XI. PESAN STRATEGIS KEPADA PRESIDEN
Indonesia tidak dapat memilih apakah akan hidup dalam kompetisi geopolitik global atau tidak.
Kompetisi tersebut sudah berlangsung.
Pertanyaannya adalah:
Apakah Indonesia hanya menjadi objek perebutan kepentingan negara besar, atau mampu menjadi subjek yang menentukan kepentingannya sendiri?
Jawabannya terletak pada kemampuan Indonesia mengubah:
SDA → menjadi kekuatan ekonomi dan strategis.
SDM → menjadi kekuatan pengetahuan dan teknologi.
SDB → menjadi kekuatan industri dan pertahanan.
Dan kemudian mengintegrasikan ketiganya ke dalam:
SISHANKAMRATA 4.0
Sebuah sistem pertahanan nasional yang tidak hanya mampu menghadapi perang konvensional, tetapi juga perang ekonomi, teknologi, siber, informasi, energi, pangan, dan kompetisi sumber daya.
XII. BOTTOM LINE UNTUK PRESIDEN
Indonesia tidak membutuhkan sekadar penambahan alutsista.
Indonesia membutuhkan arsitektur ketahanan nasional baru.
Pertahanan masa depan bukan hanya tentang berapa banyak kapal perang, pesawat tempur, atau tank yang dimiliki.
Pertahanan masa depan ditentukan oleh:
siapa yang menguasai teknologi, data, energi, pangan, mineral kritis, laut, industri, informasi, dan kualitas manusianya.
Karena itu, agenda strategis Indonesia harus bergeser dari:
“membangun kekuatan militer”
menuju:
“MEMBANGUN KEKUATAN NASIONAL TERINTEGRASI.”

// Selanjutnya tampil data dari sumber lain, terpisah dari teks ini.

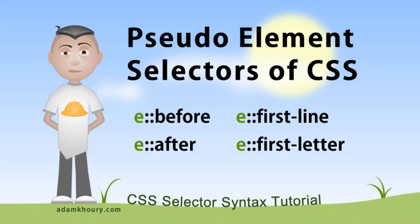In this exercise, we'll examine the pseudo-element selectors of CSS. These are a little bit different from the pseudo-class selectors, and you can always tell when you're looking at a pseudo-element selector because it has two colon symbols side by side, and there's only four of them.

Jika berhasil, Indonesia bukan hanya mampu bertahan dari tekanan geopolitik, tetapi dapat menggunakan posisi geografis, pasar, SDA, SDM, dan kapasitas industrinya untuk meningkatkan posisi tawar Indonesia di antara kekuatan-kekuatan besar dunia.
Tujuan akhirnya bukan konfrontasi.
Tujuannya adalah kedaulatan, ketahanan, strategic autonomy, dan kemampuan Indonesia menentukan masa depannya sendiri.